I wish to make a presentation to the Peterborough
Town Hall meeting tonight on behalf of the staff at the Peterborough District
Office of the Ministry of Environment (MOE). They are members of my local.
I am making this presentation on behalf of the
Ministry of Environment staff in Peterborough because they believe,
notwithstanding the whistle blowing legislation, that they might face
repercussions from their employer if they speak out. Since their concerns arose,
the employer has issued clarifications stating that they can participate without
fear of retribution. Regrettably, the employees still feel concerned, so I am
speaking for them.
The Peterborough District Office reports to the
Eastern Region office of the Ministry of Environment in Kingston.
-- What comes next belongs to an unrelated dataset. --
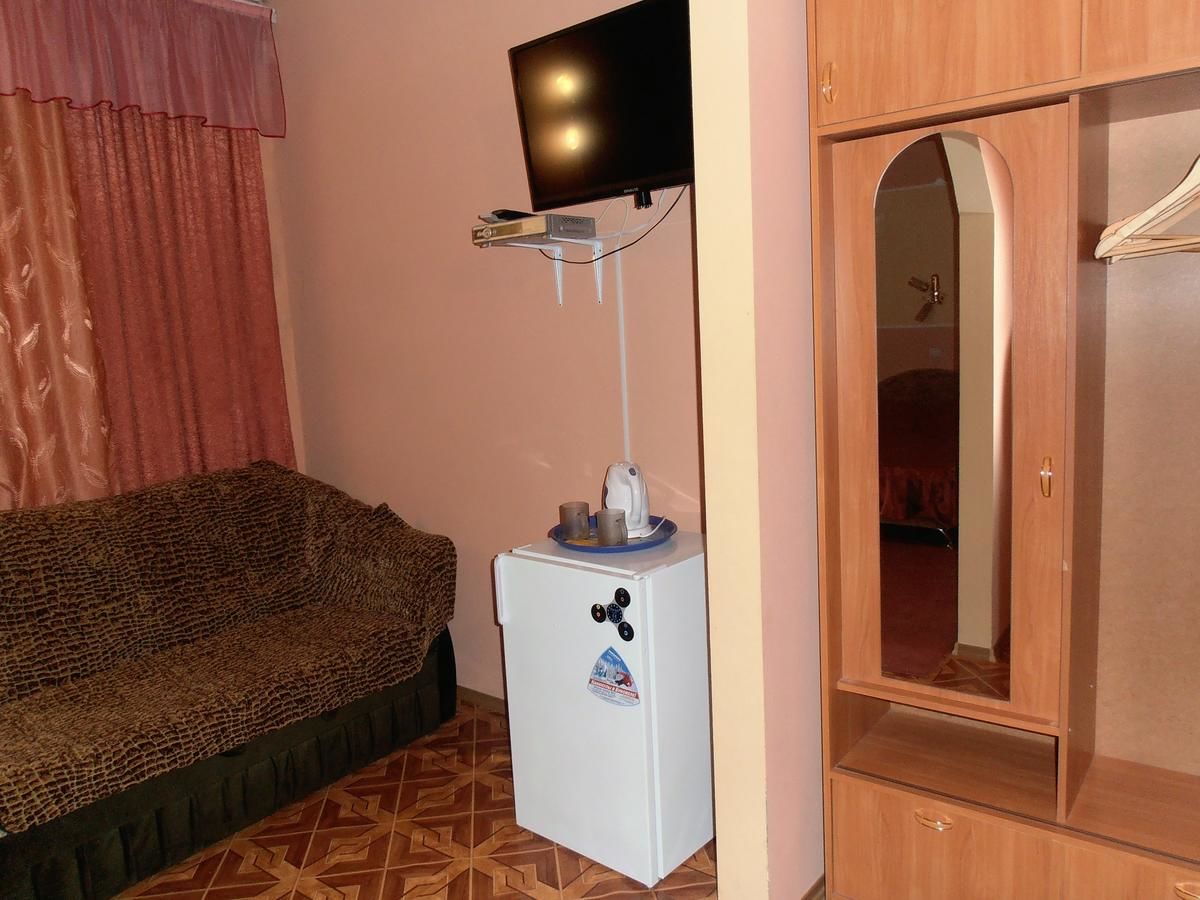 Отель Гостиничный комплекс Элитуют Бердянск-10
The
Peterborough District Office has five senior environmental officers, two junior
environmental officers, two Investigations and Enforcement Branch officers, two
administrative staff, one area supervisor, one district manager and one regional
engineer, for a total of 14 staff. OPSEU represents all staff except for the two
managers and the engineer.
The Peterborough District Office’s geographic
area of responsibility includes the city of Kawartha Lakes (formerly Victoria
County) and Haliburton, Peterborough and Northumberland Counties.
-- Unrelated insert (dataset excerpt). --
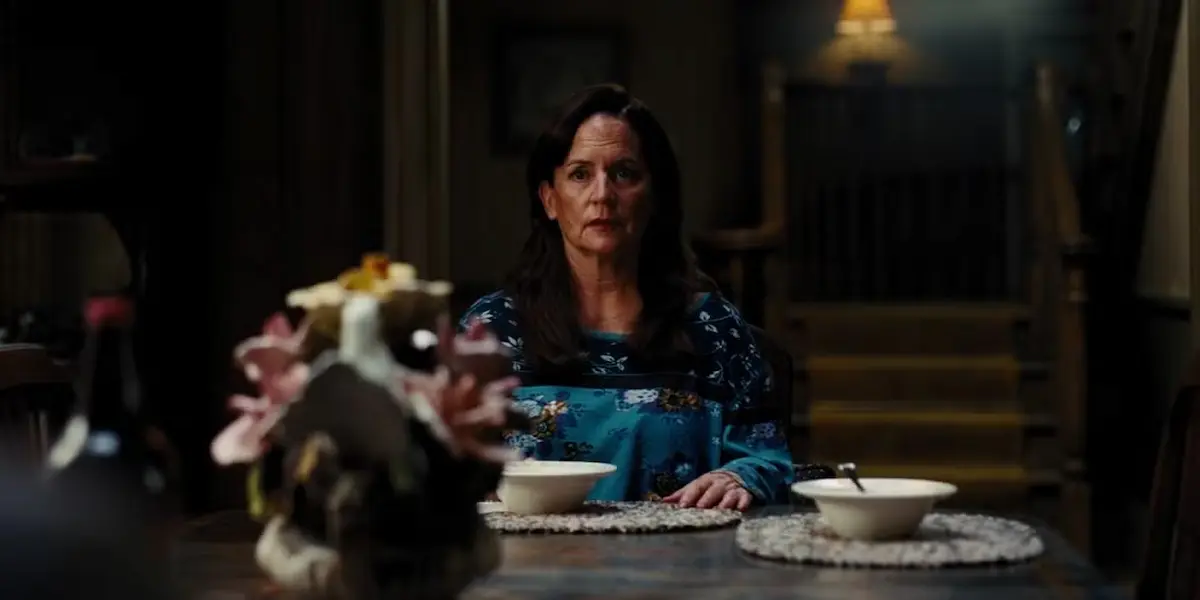 Martha Kelly nel ruolo di Laurie in Euphoria 3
For years Peterborough has been synonymous with
the pilot testing of consumer products given Peterborough’s representative
cross-section of the buying market.
Likewise, the Peterborough District is
compromised of the full gambit of potential environmental polluters, ranging
from private, commercial and industrial to agricultural sources. This spectrum
of potential pollution sources places an unyielding demand upon the Ministry
staff to be current and knowledgeable of all applicable environmental
legislation.
As a rule, most of the larger municipalities in
our area take their drinking water from surface water – lakes and rivers, in
other words. These municipalities include Lindsay, Peterborough, Cobourg, Port
Hope, Brighton, Campbellford, Hastings, Bobcaygeon and Fenelon Falls.
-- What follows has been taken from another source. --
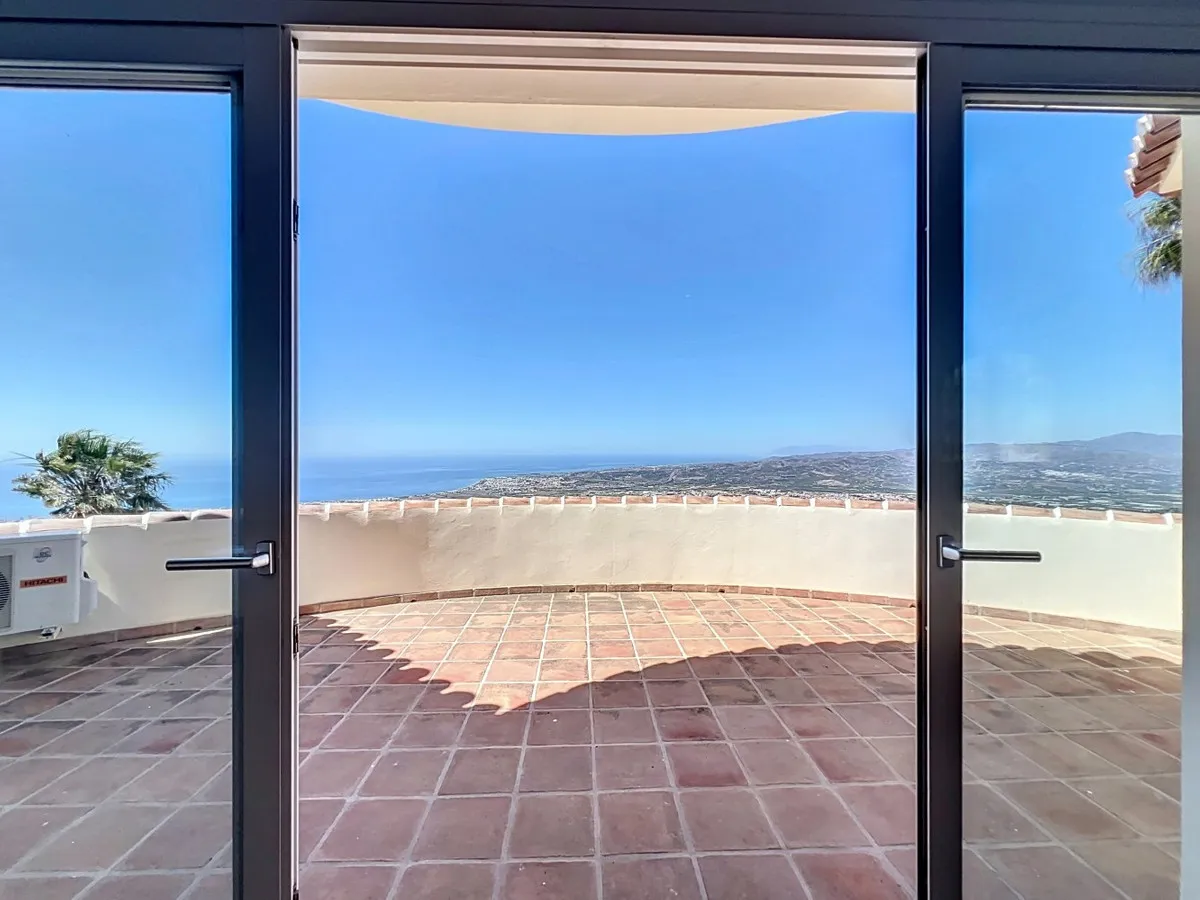 9a3e4405-8a4b-469c-80bd-3d159151cf7b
Smaller municipalities in our area use communal
wells. They include Colborne, Grafton, Woodville and Havelock.
The smaller municipalities don’t have the
expertise to operate their water works. The Ontario Clean Water Agency (OCWA)
operates their water works. Non-management staff at OCWA are members of OPSEU as
well.
The larger municipalities such as Peterborough,
Campbellford, Port Hope and Cobourg operate their own water works.
Regarding ground water, prior to 2000, the
Ministry of Environment had significant problems resulting from drought. They
received a lot of complaints from the public about their wells running dry and
taking a long time to replenish with water.
One of the problems is that the Ministry of
Environment staff don’t know the size and extent of the aquifers which provide
the ground water.
Agriculture run-off is an issue in our area.
Nitrates migrate off the farm property, get into the aquifer and contaminate
municipal/private well water supplies. The villages of Woodville and Oakwood
have experienced this kind of contamination of their water supply.
Just as the contamination of Walkerton’s
municipal water supply has been attributed to agricultural practices,
Peterborough, too, has experienced the contamination of private well water
supplies, directly attributed to the mismanagement of agricultural waste.
I now want to turn my comments to the challenges
faced by staff at the Peterborough District Office.
The overwhelming challenge is workload.
Environmental Officers (EO’s) in the Abatement Section are considered the
front line of the ministry. They are responsible for ensuring legislative
compliance of the Ontario Water Resources Act, the Environmental Protection Act,
the Pesticides Act, associated regulations, guidelines
and policies. Some of the program areas that they are responsible for include:
Municipal and private communal water
treatment facilities
Municipal and large private sewage treatment
facilities
Solid, non-hazardous waste disposal sites
Utilization of biosolids and septage on
agricultural land
Liquid industrial waste and hazardous waste
storage, transportation and disposal
Pesticide Storage and Application
24 hour spill response (to ensure
satisfactory clean up)
Permits to Take Water – such as water
bottling plants, aquaculture operations
Groundwater and surface water quality and
quantity complaints
Industrial noise and odour complaints
Air quality complaints
Clean up of contaminated sites/abandoned
properties
Industrial wastewater discharges
For example, if there is a spill, environmental
Officers in the Abatement Section are responsible for ensuring prompt and
efficient clean-up through voluntary or
mandatory compliance initiatives. They must also
follow up to ensure the clean-up has happened as required. In instances of
historical contamination on site specific properties, it is the environmental
Officer who is often responsible for ensuring that appropriate remediation or
restoration of the contaminated site is effected.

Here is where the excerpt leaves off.